Beste gymleraren,
Hoe gaat het met jullie? Weer een beetje full swing aan het werk zo na corona? Alle kilootjes weggejumpingjackt? Ik wil iets aan jullie vragen. Het zit zo. Ik zag laatst een jongetje in het bos. De magneet die aan de binnenkant van de aarde woont, trok aan zijn schouders. Hij schopte tegen een paar steentjes. Zonder doel. Wat er was, vroeg ik. Hij antwoordde met een ‘mwah’ en een ‘bah’ en zijn schouders schoten heel even een beetje omhoog. ‘Kom’, wees ik. ‘Daar is een bankje. Ga even zitten.’ We keken wat recht voor ons uit en toen begon hij. Over gym. Als laatste gekozen was hij. Tot twee keer toe. En nee, hij werd niet gepest ofzo, zo erg was het allemaal niet, maar met gym werd hij altijd als laatste gekozen. Omdat hij niet uitblonk in sport en omdat hij niet een beste maat had. Want met het kiezen bij gym kiest iedereen zijn beste maat. En hoor jij niet bij die ketting van vrienden, dan ben jij de laatste kraal. En dat deed pijn.
Ik was ineens terug in Zeeland, ergens midden in de jaren tachtig. Ik was prima gelukkig, maar dat kiesmoment bij gym, dat kan ik nog voelen. Wachten tot wanneer dat verlichtende moment voor jou valt. Een soort Ranking the Stars avant la lettre.

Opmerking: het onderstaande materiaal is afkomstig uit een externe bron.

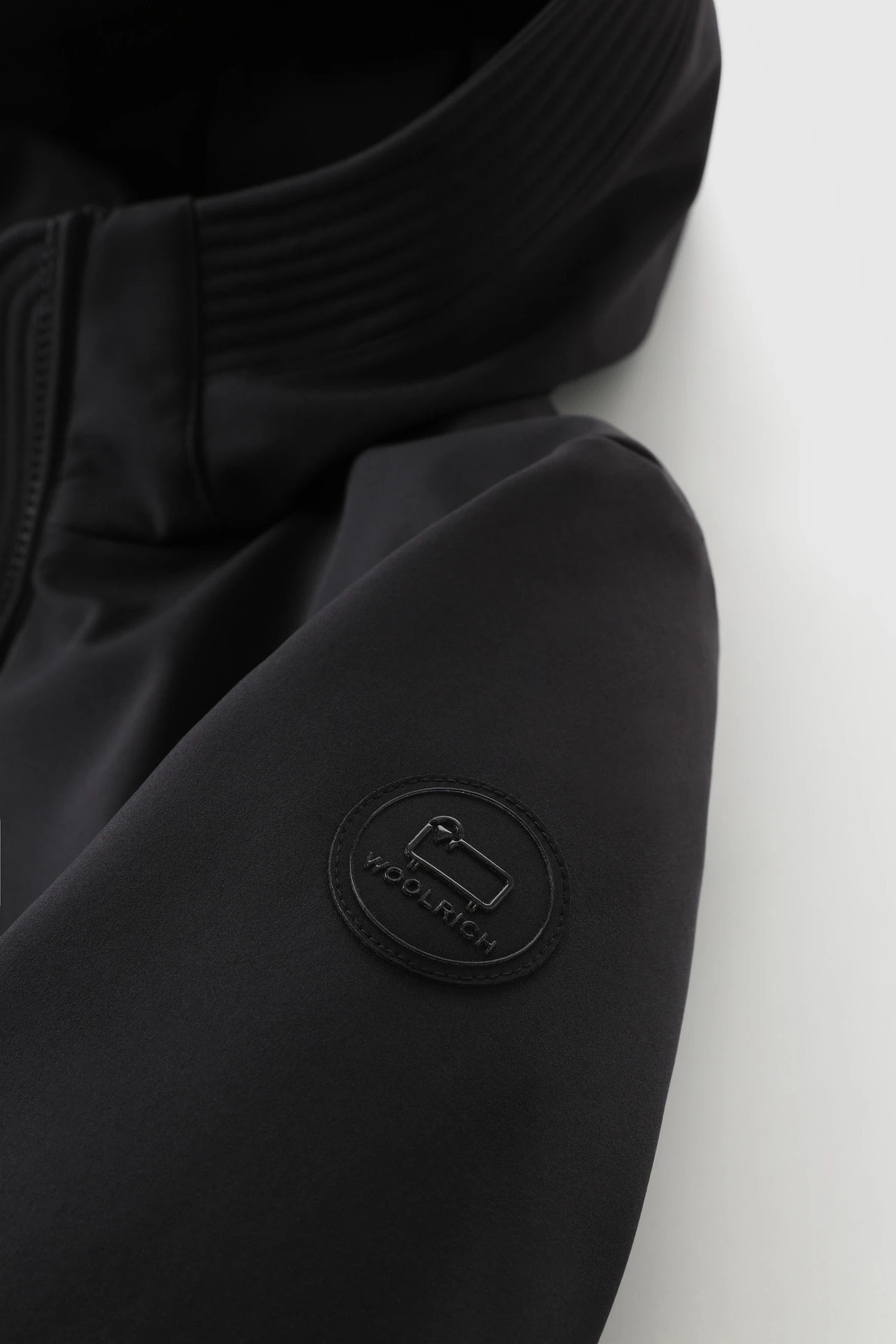 Woolrich Firth Parka In Softshell - Donna - Nero 9 Woolrich Firth Parka In Softshell - Donna - Nero - immagine 7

Ik keek even naar rechts naar het jongetje en schopte ook tegen een steentje. Kon ik hem zeggen dat ik het maar en middeleeuws systeem vind, een kind de rest laten kiezen tijdens de gymles? Het is ‘eten of gegeten worden’, daar tussen de basketbalnetten en de ongelijke brug. In een tijd waarin we iedereen die een duwtje in de rug nodig heeft een extra zetje naar voren en naar boven geven, duwen we de net iets minder gewapenden daar in de gymzaal verder het moeras in.
Dus lieve gymleraren, tenzij jullie hier ook rekening houden met de iets minder weerbaren (laat hen juist kiezen in plaats van gekozen worden) zou ik zeggen: formeer jij die groepjes alsjeblieft. Echt, dat scheelt een hoop beurse plekken op gekneusde zieltjes.